**Source material:**

▼

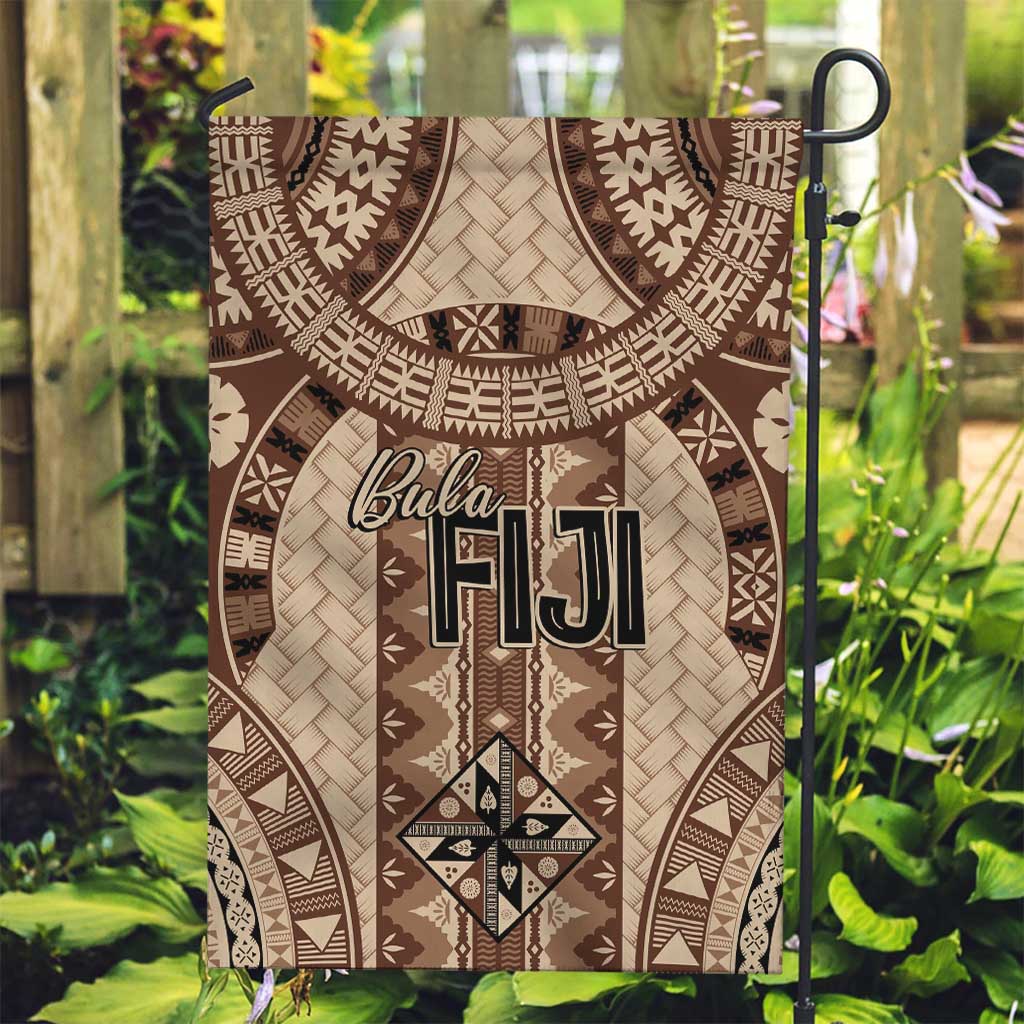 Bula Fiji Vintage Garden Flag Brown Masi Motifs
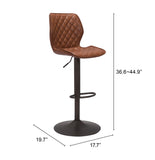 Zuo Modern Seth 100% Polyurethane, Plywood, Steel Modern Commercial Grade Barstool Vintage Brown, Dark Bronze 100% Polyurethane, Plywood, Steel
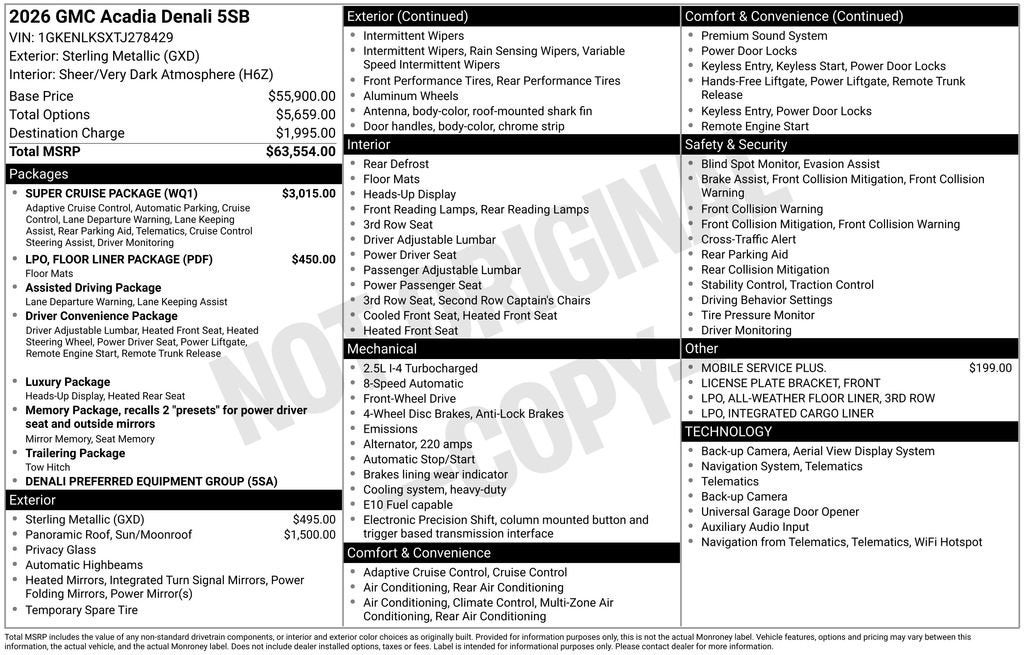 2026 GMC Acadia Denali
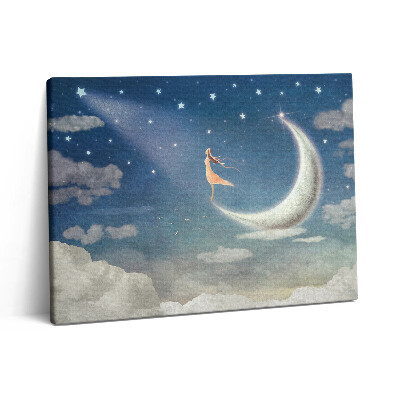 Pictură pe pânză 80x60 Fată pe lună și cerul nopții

▲

**Task to carry out:**
Copy the listing in full and without alteration, omitting every picture.

**Reply to the exercise:**
 Bula Fiji Vintage Garden Flag Brown Masi Motifs
 Zuo Modern Seth 100% Polyurethane, Plywood, Steel Modern Commercial Grade Barstool Vintage Brown, Dark Bronze 100% Polyurethane, Plywood, Steel
 2026 GMC Acadia Denali
 Pictură pe pânză 80x60 Fată pe lună și cerul nopții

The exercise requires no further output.